ANA Brings Nurses’ Voices to Health Equity Priorities


Achieving health equity is a key goal for the nation’s health care system. While not a new issue, we are seeing renewed focus on identifying and overcoming barriers that are leading to health inequities—especially with the COVID-19 pandemic magnifying underlying and persisting inequities. These barriers include sociodemographic factors, such as housing and food instability, which often lead to worse health outcomes for patients. Nurses in direct care are acutely aware of these barriers, given their roles in caring for patients in various care settings. Identifying real and lasting solutions to lead to a more equitable health care system is of vital importance to nurses and to ANA.

Addressing longstanding inequities throughout health care remains a key priority for ANA. On July 12, 2022, ANA announced a Racial Reckoning statement acknowledging our harmful past actions and outlining a plan to rectify our history and make changes for the future. ANA outlined six areas of focus to address the past and improve in the future that focus on partnering with the National Commission to Address Racism in Nursing, advocating for racial equity in policies and programs, and improving ANA’s internal governance structure.

As the largest organization of nurses, ANA has an opportunity to help reshape the profession, and the Reckoning is just the first step. In its own way, ANA’s legislative and regulatory agenda also reflects this priority. As part of this effort, the Policy & Government Affairs team has—and will continue to—approach nurse advocacy with an equity lens at every opportunity.

Our work in the last few months is an illustration, with ANA’s policy team submitting comment letters to the Centers for Medicare and Medicaid Services (CMS).
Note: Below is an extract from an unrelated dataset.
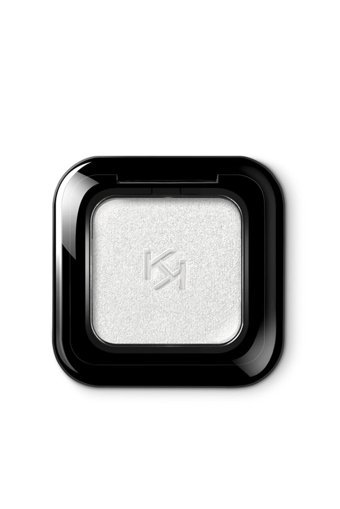 Kiko No:38 Metallic Light Toz Metalik Tekli Far Gümüş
The comment letters, in part, urge the agency to utilize nurses as it tackles geographical and racial equity in health outcomes for patients. These comments were in response to CMS’ request for information and other proposed provisions in several of the annual Medicare payment rules. ANA’s comments centered on the importance of engaging with nurses to identify approaches to measure and address health care disparities and barriers. The requests for feedback from CMS is part of the agency’s larger initiative to address barriers to health care, as outlined in a framework that was released earlier this year.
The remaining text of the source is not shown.